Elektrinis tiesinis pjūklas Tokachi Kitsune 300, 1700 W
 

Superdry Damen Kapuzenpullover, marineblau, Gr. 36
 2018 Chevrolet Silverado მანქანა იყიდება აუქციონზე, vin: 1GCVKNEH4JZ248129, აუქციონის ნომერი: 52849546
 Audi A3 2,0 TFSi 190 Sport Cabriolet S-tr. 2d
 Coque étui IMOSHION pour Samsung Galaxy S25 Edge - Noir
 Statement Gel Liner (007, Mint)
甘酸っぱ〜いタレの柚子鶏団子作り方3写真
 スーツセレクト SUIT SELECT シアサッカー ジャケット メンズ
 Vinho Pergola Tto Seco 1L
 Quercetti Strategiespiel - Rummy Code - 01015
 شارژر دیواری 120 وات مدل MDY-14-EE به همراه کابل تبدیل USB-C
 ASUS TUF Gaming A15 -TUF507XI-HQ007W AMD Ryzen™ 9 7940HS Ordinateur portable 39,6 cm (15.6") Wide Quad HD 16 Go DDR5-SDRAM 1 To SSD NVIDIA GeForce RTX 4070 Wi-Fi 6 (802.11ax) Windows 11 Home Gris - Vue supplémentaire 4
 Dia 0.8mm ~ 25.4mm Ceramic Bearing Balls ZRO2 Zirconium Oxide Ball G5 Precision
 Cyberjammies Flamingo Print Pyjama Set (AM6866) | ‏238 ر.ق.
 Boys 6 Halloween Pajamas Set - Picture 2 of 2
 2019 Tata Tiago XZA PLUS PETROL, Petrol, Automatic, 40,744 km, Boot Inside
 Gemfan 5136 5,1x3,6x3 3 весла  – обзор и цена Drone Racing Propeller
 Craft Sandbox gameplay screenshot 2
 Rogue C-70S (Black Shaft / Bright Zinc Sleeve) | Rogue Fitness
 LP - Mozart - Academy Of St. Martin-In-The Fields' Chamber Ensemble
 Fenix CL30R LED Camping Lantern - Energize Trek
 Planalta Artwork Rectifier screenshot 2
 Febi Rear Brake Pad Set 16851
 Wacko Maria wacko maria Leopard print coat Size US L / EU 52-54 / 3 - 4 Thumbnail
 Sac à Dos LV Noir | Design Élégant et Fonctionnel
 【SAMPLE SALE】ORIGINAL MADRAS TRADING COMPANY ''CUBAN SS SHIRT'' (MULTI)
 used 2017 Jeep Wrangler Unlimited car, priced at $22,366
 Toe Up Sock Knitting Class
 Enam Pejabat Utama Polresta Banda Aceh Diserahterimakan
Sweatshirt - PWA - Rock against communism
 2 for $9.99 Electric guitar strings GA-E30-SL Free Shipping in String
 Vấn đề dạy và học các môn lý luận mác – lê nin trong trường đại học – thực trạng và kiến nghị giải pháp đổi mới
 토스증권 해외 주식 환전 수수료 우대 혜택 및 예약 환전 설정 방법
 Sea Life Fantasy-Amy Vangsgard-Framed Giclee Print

################

Within the listing above, extract exactly the lines from the line with "甘酸っぱ〜いタレの柚子鶏団子作り方3写真" to the line with "토스증권 해외 주식 환전 수수료 우대 혜택 및 예약 환전 설정 방법", the two named lines included, and no others.

甘酸っぱ〜いタレの柚子鶏団子作り方3写真
 スーツセレクト SUIT SELECT シアサッカー ジャケット メンズ
 Vinho Pergola Tto Seco 1L
 Quercetti Strategiespiel - Rummy Code - 01015
 شارژر دیواری 120 وات مدل MDY-14-EE به همراه کابل تبدیل USB-C
 ASUS TUF Gaming A15 -TUF507XI-HQ007W AMD Ryzen™ 9 7940HS Ordinateur portable 39,6 cm (15.6") Wide Quad HD 16 Go DDR5-SDRAM 1 To SSD NVIDIA GeForce RTX 4070 Wi-Fi 6 (802.11ax) Windows 11 Home Gris - Vue supplémentaire 4
 Dia 0.8mm ~ 25.4mm Ceramic Bearing Balls ZRO2 Zirconium Oxide Ball G5 Precision
 Cyberjammies Flamingo Print Pyjama Set (AM6866) | ‏238 ر.ق.
 Boys 6 Halloween Pajamas Set - Picture 2 of 2
 2019 Tata Tiago XZA PLUS PETROL, Petrol, Automatic, 40,744 km, Boot Inside
 Gemfan 5136 5,1x3,6x3 3 весла  – обзор и цена Drone Racing Propeller
 Craft Sandbox gameplay screenshot 2
 Rogue C-70S (Black Shaft / Bright Zinc Sleeve) | Rogue Fitness
 LP - Mozart - Academy Of St. Martin-In-The Fields' Chamber Ensemble
 Fenix CL30R LED Camping Lantern - Energize Trek
 Planalta Artwork Rectifier screenshot 2
 Febi Rear Brake Pad Set 16851
 Wacko Maria wacko maria Leopard print coat Size US L / EU 52-54 / 3 - 4 Thumbnail
 Sac à Dos LV Noir | Design Élégant et Fonctionnel
 【SAMPLE SALE】ORIGINAL MADRAS TRADING COMPANY ''CUBAN SS SHIRT'' (MULTI)
 used 2017 Jeep Wrangler Unlimited car, priced at $22,366
 Toe Up Sock Knitting Class
 Enam Pejabat Utama Polresta Banda Aceh Diserahterimakan
Sweatshirt - PWA - Rock against communism
 2 for $9.99 Electric guitar strings GA-E30-SL Free Shipping in String
 Vấn đề dạy và học các môn lý luận mác – lê nin trong trường đại học – thực trạng và kiến nghị giải pháp đổi mới
 토스증권 해외 주식 환전 수수료 우대 혜택 및 예약 환전 설정 방법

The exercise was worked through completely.